Students enjoyed learning how to create expressions that were no longer static. Thinking of the LED light as a strand of code, they would program it to animate what type of expression they were conveying underneath those masks. Once they explored the possibilities with animation, they advanced their learning by programming expressive melodies. For example, some students learned how to code the JAWS movie melody to express fright. Each discovery helped students dig deeper in exploring the creative features micro:bit encompasses and how that could positively impact their daily communication. “Students became excited about the project and exploring ideas on their own,” said Rosenow. “It started sparking other innovative ideas in their mind and allowed opportunities for creative expression of what they actually thought or felt. It really helped them enjoy wearing a mask throughout the school day.”
For virtual learners, Rosenow shared how makecode.org kept learning engaging. Remote students could build everything virtually, practicing the scale of programming at home.

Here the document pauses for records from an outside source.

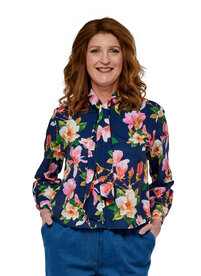 Dames blouse met lange mouwen en sjaal kraag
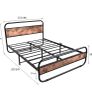 King Size Bed Frame with Headboard,Oval-Shaped Platform Bed with Under-Bed Storage,Steel Slats Mattress Foundation Round Pipe Design,Brown Image 5
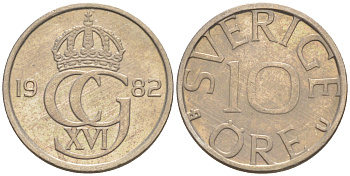 Швеция 10 эре 1982 U, Карл XVI Густав (1973- ) KM 850 медно-никель UNC 187-832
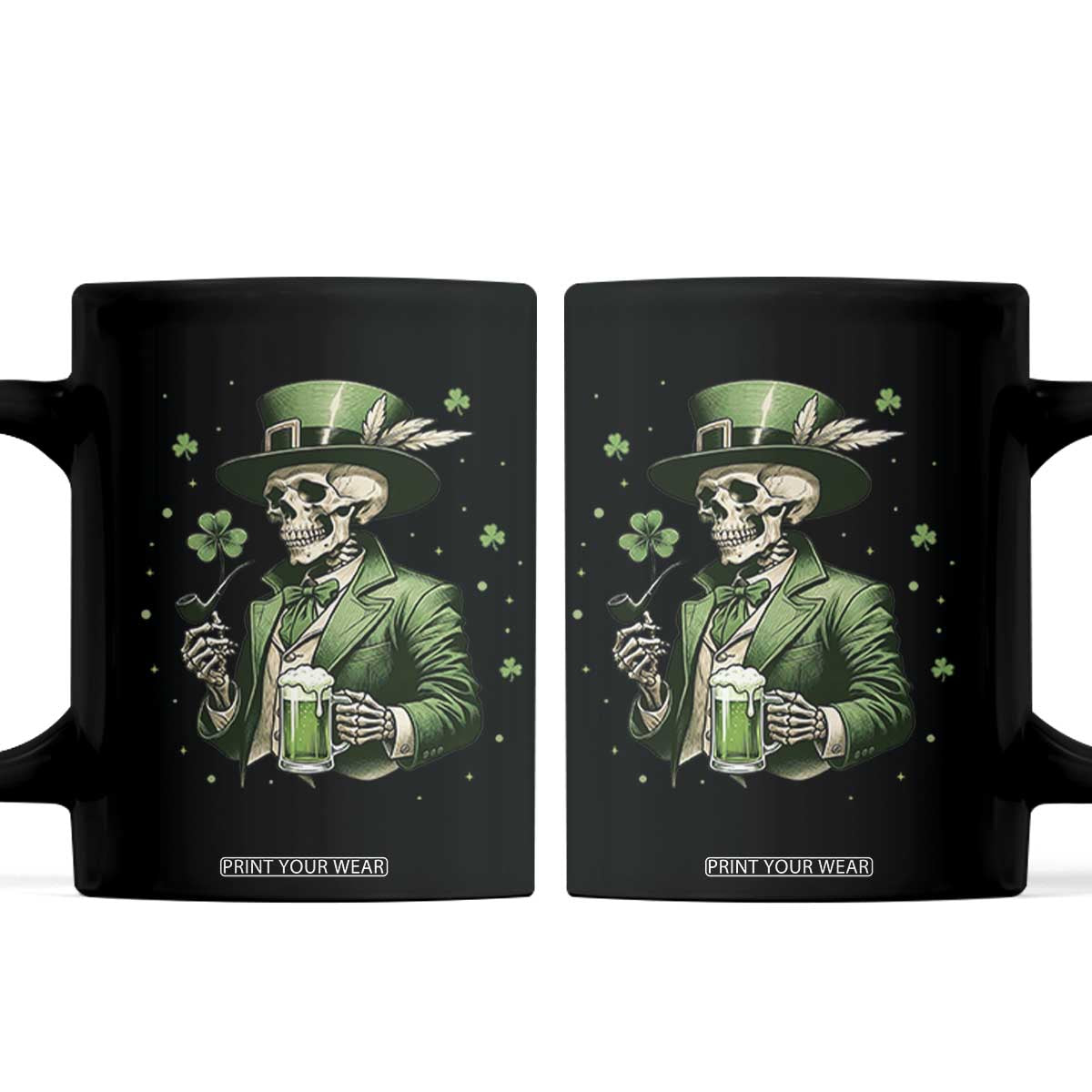 Skeleton St Patricks Day Drinking Coffee Mug Irish Party Gift TS12 Black Print Your Wear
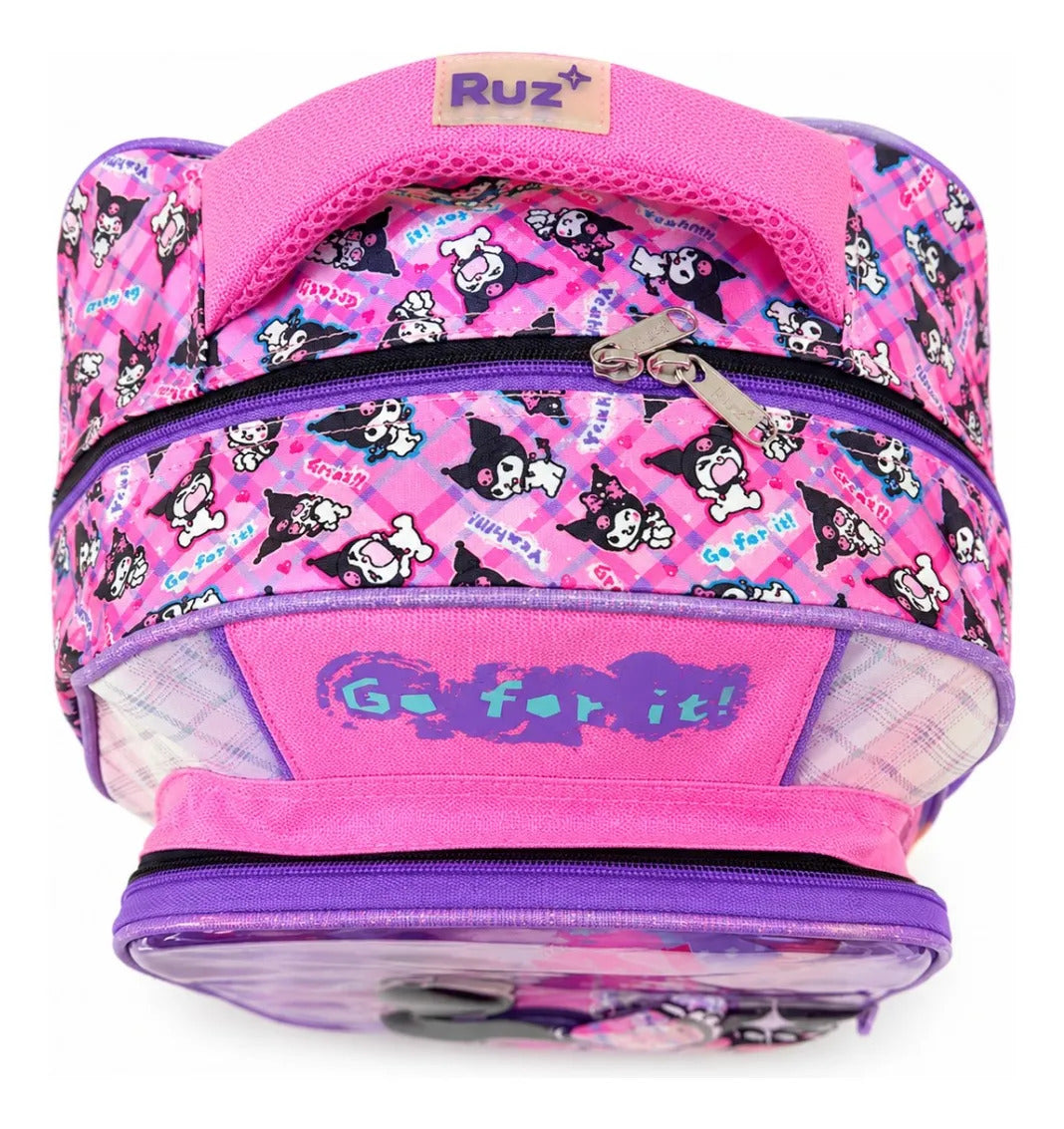 Mochila Escolar Kuromi Ruz Negra Rosa Con Bolsas Laterales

Then, once they are able to be in the school, can pair it with the micro:bit to test in-person.
Another impactful piece of the project for students? It gave them a tangible product they were proud to show others. “Their success at building a program and turning it into a usable, functional thing was very visible,” shared Rosenow, “and the fact they wanted to share their work with someone else acknowledged that they felt successful.” Students were even receiving requests from others in the school asking for a micro:bit mask, including the school nurse. “They thought it was awesome to hear that other people wanted what they were creating, too.” Over the course of five weeks, the discovery part of the process became very rewarding for students. In the beginning, they thought this was something they could never do. This notion quickly transformed into excitement of not only showing others what they had learned to make, but also being proud to wear what they created.
*Photos contributed by Scott Rosenow.